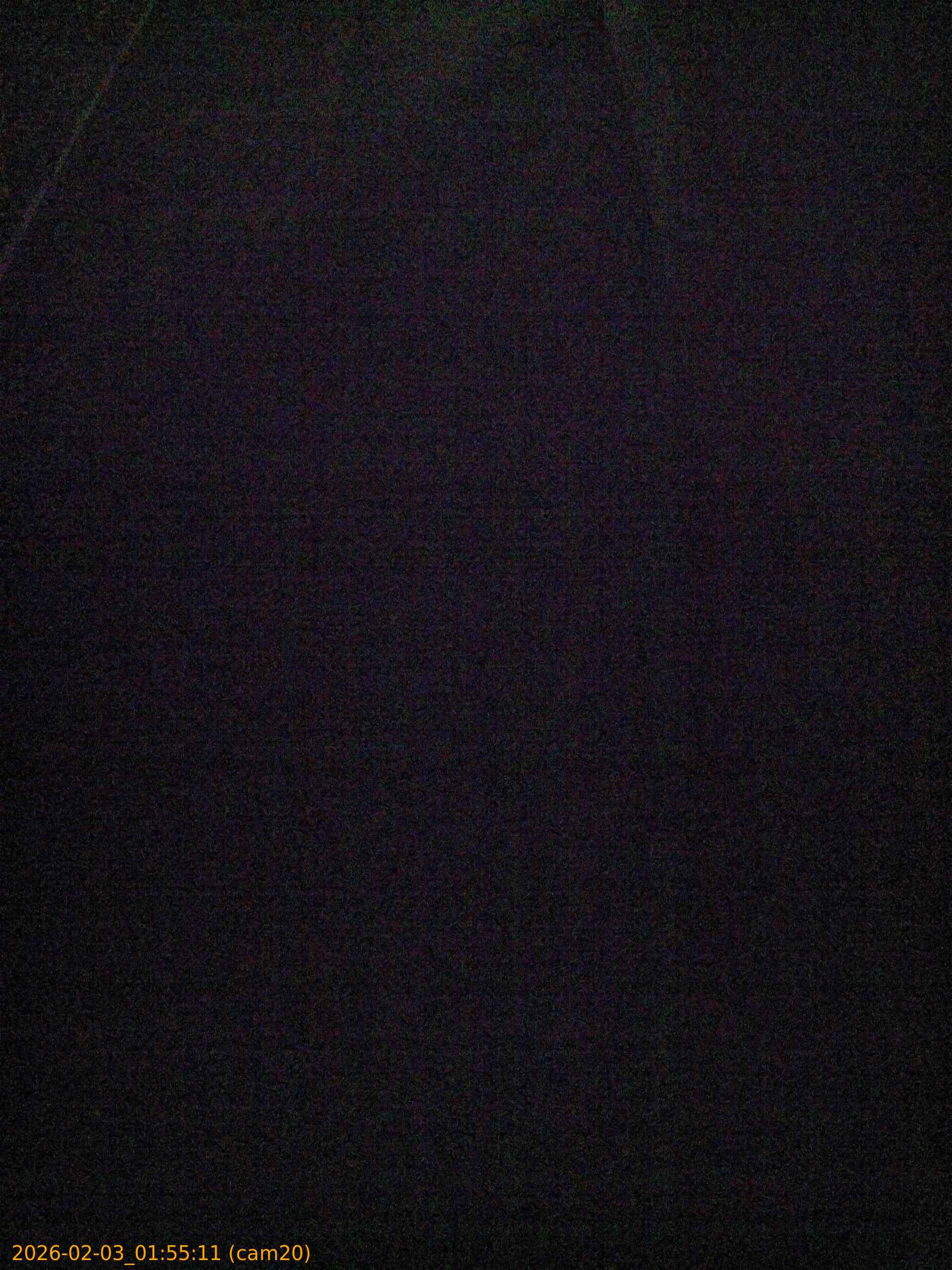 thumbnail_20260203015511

--

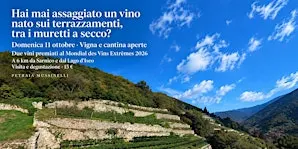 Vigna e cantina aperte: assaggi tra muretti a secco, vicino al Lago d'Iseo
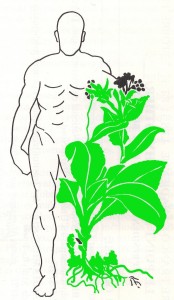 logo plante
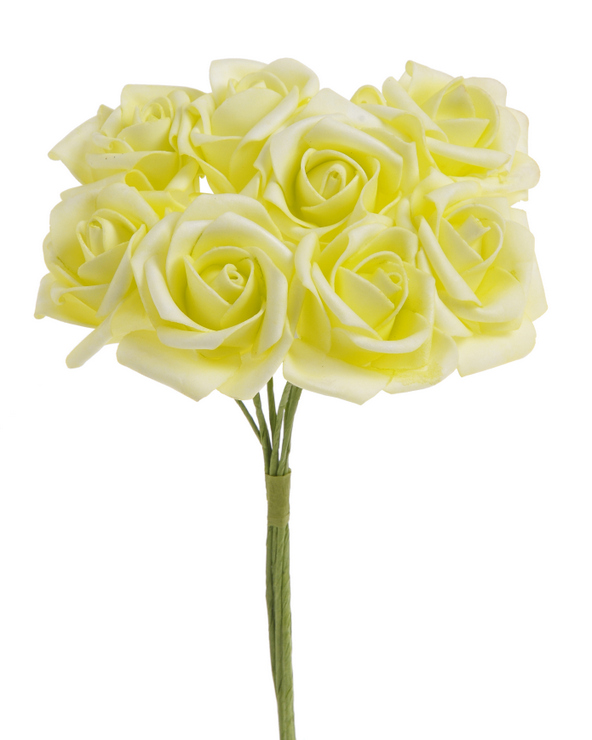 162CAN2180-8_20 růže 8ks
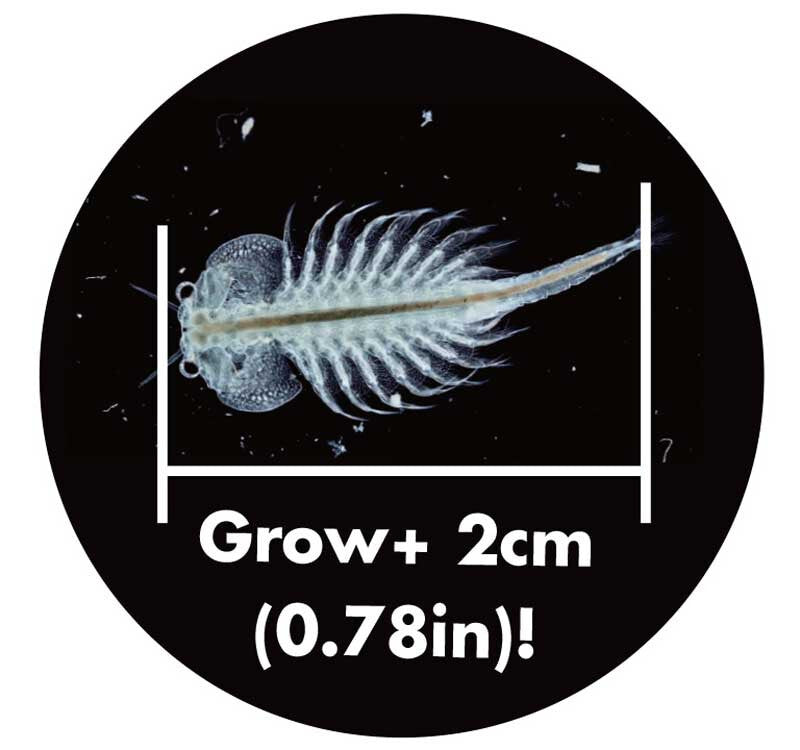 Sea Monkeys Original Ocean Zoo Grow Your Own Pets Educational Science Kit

_WHAT THE TASK REQUIRES_
Your answer should be the lines above, word for word, from the line with "logo plante" through the line with "Sea Monkeys Original", minus the pictures.

_TASK OUTPUT_
 logo plante
 162CAN2180-8_20 růže 8ks
 Sea Monkeys Original Ocean Zoo Grow Your Own Pets Educational Science Kit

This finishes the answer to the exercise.